Modern 3D is fundamentally different from the 3D cinema audiences have seen in the past. Digital technology allows the right eye/left eye images which create the stereoscopic effect to be matched perfectly in every frame, eradicating the previous problems caused as the brain needed to work harder to make sense of the two images, leading quickly to tiredness and even nausea on the part of the viewer.
Digital 3D has attracted the foremost creative talents of our age – James Cameron, Steven Spielberg, Peter Jackson, Ang Li and Martin Scorsese amongst them.
A key tipping point for 3D cinema was the release in 2009 of James Cameron’s Avatar, at the time the highest grossing global film of all time, earning almost $2.8 billion worldwide. Subsequent highlights have included Life of Pi, Hugo and Gravity.

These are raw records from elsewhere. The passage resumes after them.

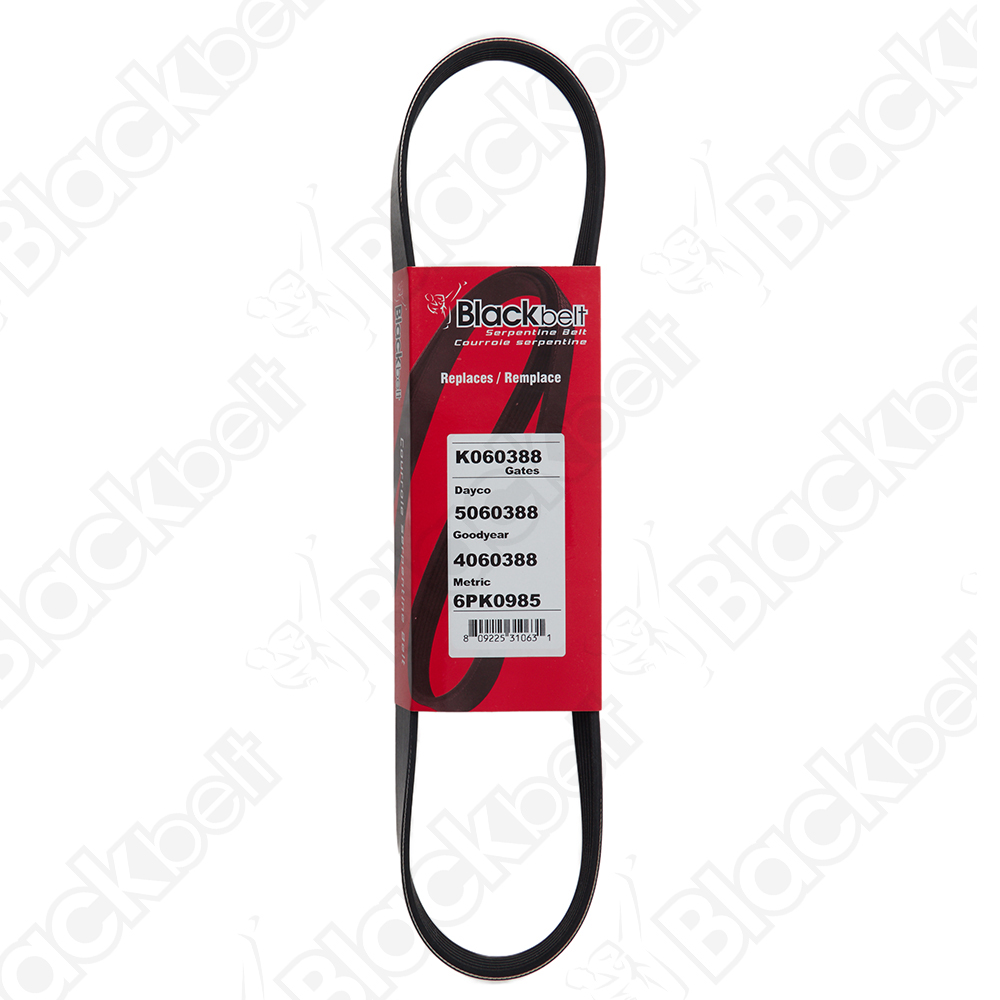 BLACKBELT SERPENTINE BELT - 2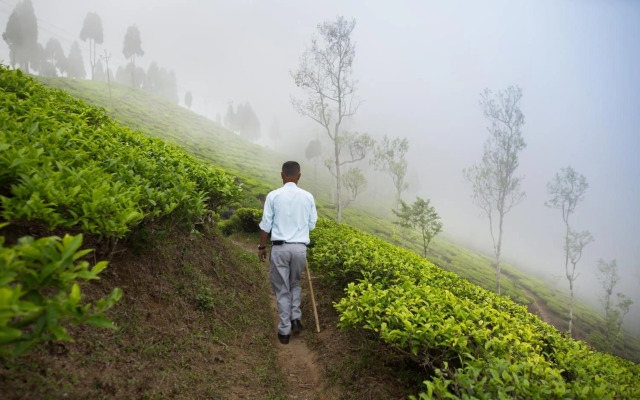 Sourenee Tea Estate & Boutique Resort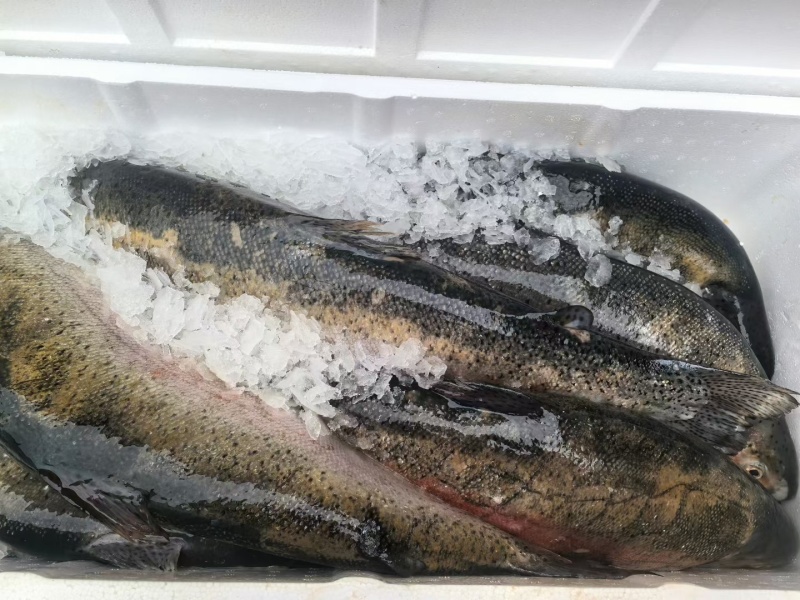 【热卖】青海龙羊峡冰鲜三文鱼原产地直发货源充足可预定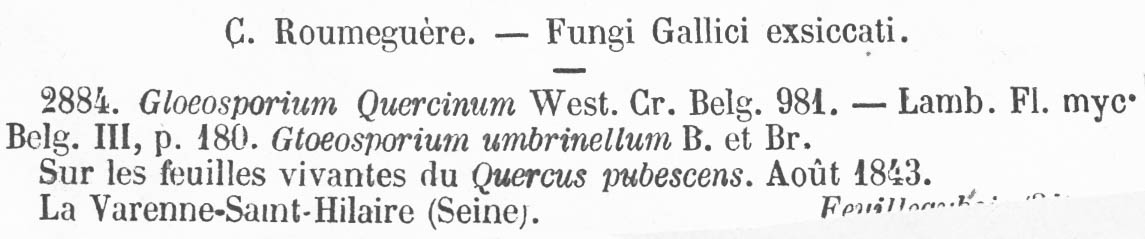 Amphiporthe leiphaemia image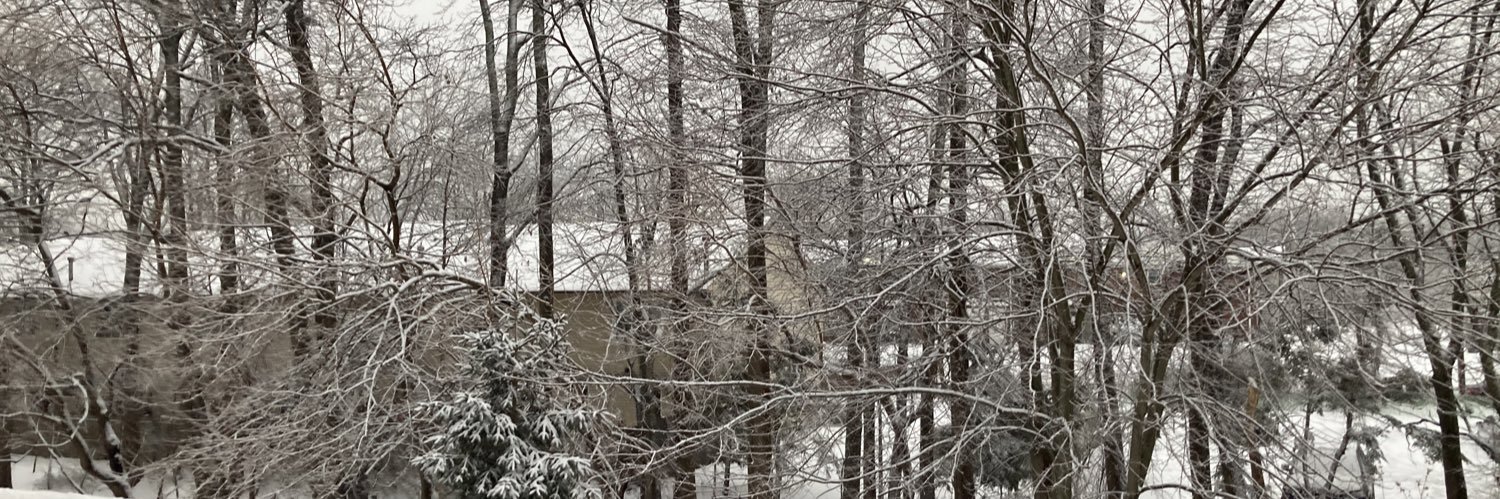 bornbx61's profile banner image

While the popularity of the format has in recent years undoubtedly waned, for the right film and when the 3D is done well, then there are still clear signs of audience demand for 3D, nowhere more so than with the recent release of Avatar: The Way of Water, the sequel to the hugely-successful Avatar mentioned above. While still on release, that new film has already made an incredible £60 million at the UK box office in a matter of weeks, around 60 per cent of that from 3D screenings.